Now a new team, in concert with descendants of the company’s founder, is reviving its original spirit.
Fabergé, the luxury jewelers famous for the ornate eggs they gave the Russian royal family each Orthodox Easter, is to launch its first jewellery collection since 1917. Photo: Getty Images
Last year, on a pilgrimage to a once grand and elegant (and now grandly derelict) summer house that had belonged to Peter Carl Fabergé, Katharina Flohr, the newly appointed creative director of the great Russian luxury goods brand Fabergé, found a four-leaf clover. She was there with Tatiana Fabergé, the 79-year-old great-granddaughter of Peter Carl Fabergé, and Frédéric Zaavy, the artisan jeweller who had agreed to work with her to revive the Fabergé name in the spirit in which it was originally created – as a fine jewellery house and purveyor of the most exquisitely crafted gems. On those long white nights, the three were on a mission.
‘We were at Tatiana’s family’s country house outside St Petersburg,’ Flohr says. ‘It is a rundown estate which is so morbidly beautiful but completely destroyed; here we were with Tatiana, very courageously going through the broken beams and the loose staircases. And I found a four-leaf clover.’ It was a good omen.
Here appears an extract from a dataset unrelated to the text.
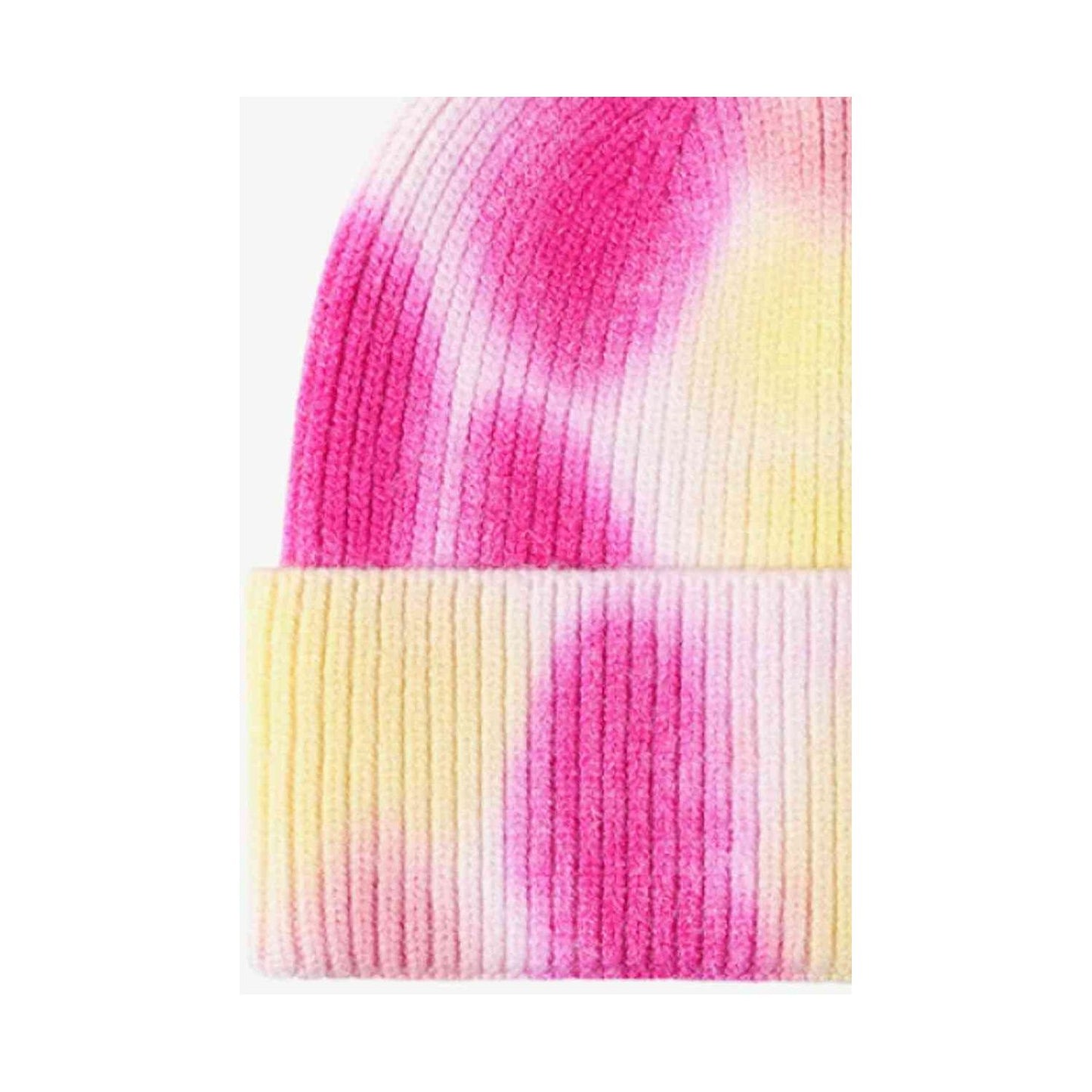 Tie-Dye Cuffed Knit Beanie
‘Tatiana introduced us to museum curators, and took us to her old family country seat; we went to the ballet, she took us to exhibitions, we went on river-boat cruises at midnight,’ Flohr recalls over a cup of violet tea and a rose macaroon at the Parisian tea house Ladurée. ‘We went to the Hermitage, to all the palaces, and saw a cross-section of things that were relevant for Tatiana personally and for Fabergé’s past. Frédéric said the best bit was dancing with Tatiana – we went to a restaurant where they were playing Soviet-style dance music.’
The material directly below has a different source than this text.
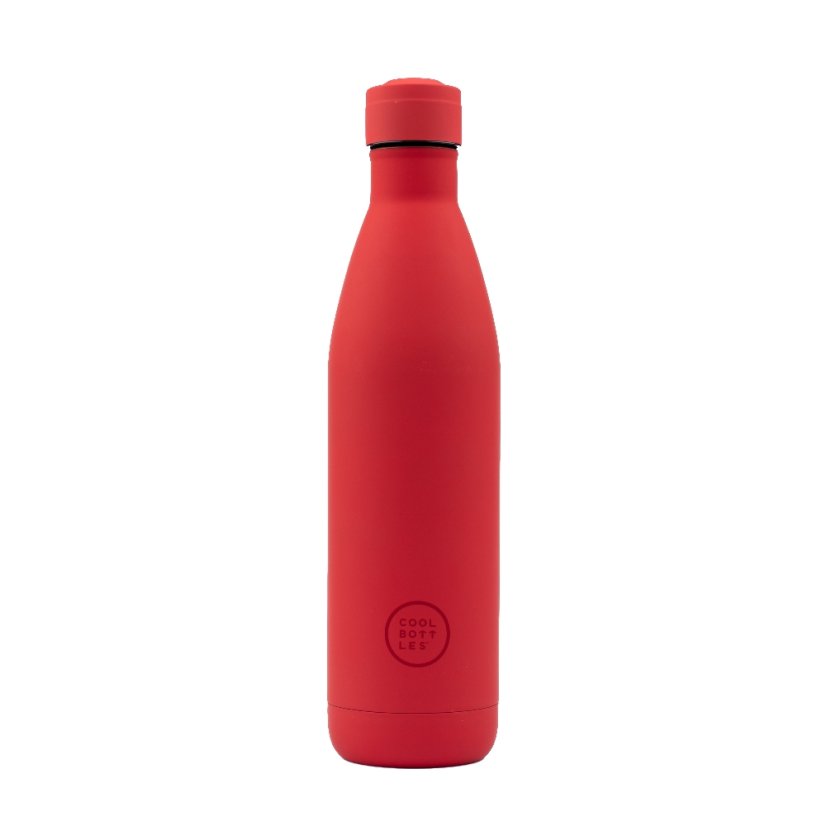 Nerezová termolahev COOL BOTTLES Vivid Red třívrstvá 750ml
Flohr had worked in the late 1990s as the fashion director of Russian Vogue (she later became the jewellery editor at Tatler in London),and Zaavy was a collector of Russian art. The trip was an opportunity to connect with the old world of Fabergé and work out exactly what the new Fabergé should be. This is the first time fine jewellery has been made under the Fabergé name since the house was forced to close in 1917. The brand has undergone many reinventions over the years, most recently losing its way under the auspices of Unilever. But now, gone are the trinkets, the eggs (though they may be given a new lease of life in the future), the tacky licences and the dreadful aftershaves. In their place is a quest to rediscover the heart and soul of one of the most famous – and romantic –names in art and design. Most of the original jewellery pieces were destroyed during the Russian Revolution. There is no archive, so Flohr went to Sotheby’s and Christie’s and managed to find some pieces –such as the famous cigarette cases – to look at and touch. ‘Everything was so beautifully executed and perfectly made that first and foremost I came back and said it is all about the way things are made – it’s about the craft and the art of making jewellery.’
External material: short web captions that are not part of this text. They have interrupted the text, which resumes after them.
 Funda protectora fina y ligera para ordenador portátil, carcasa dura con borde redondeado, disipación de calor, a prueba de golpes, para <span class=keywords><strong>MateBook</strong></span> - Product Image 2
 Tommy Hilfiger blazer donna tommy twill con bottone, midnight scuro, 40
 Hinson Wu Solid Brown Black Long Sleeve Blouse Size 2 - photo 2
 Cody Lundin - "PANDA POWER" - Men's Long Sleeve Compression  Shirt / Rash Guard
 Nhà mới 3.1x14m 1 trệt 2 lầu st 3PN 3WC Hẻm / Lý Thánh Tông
Flohr met Frédéric Zaavy while she was still working at Tatler, and knew within seconds that his work was unique. When Tatiana Fabergé (the head of the heritage council appointed two years ago to look after the Fabergé legacy with her distant cousin Sarah Fabergé and the Fabergé specialist John Andrew) also mentioned his name it was, according to Flohr, a eureka moment. ‘He has this painstaking attention to detail,’ Flohr says. ‘He is such a romantic and he sees jewels in a very poetic way. The way he applies the stones is very much the way a painter applies brushstrokes to a painting. Every stone is there for a reason and is colour-coordinated with the one next to it, and everything is put together like a mosaic – a kaleidoscope of colours. That perfect workmanship would symbolise what Fabergé was going to be about.’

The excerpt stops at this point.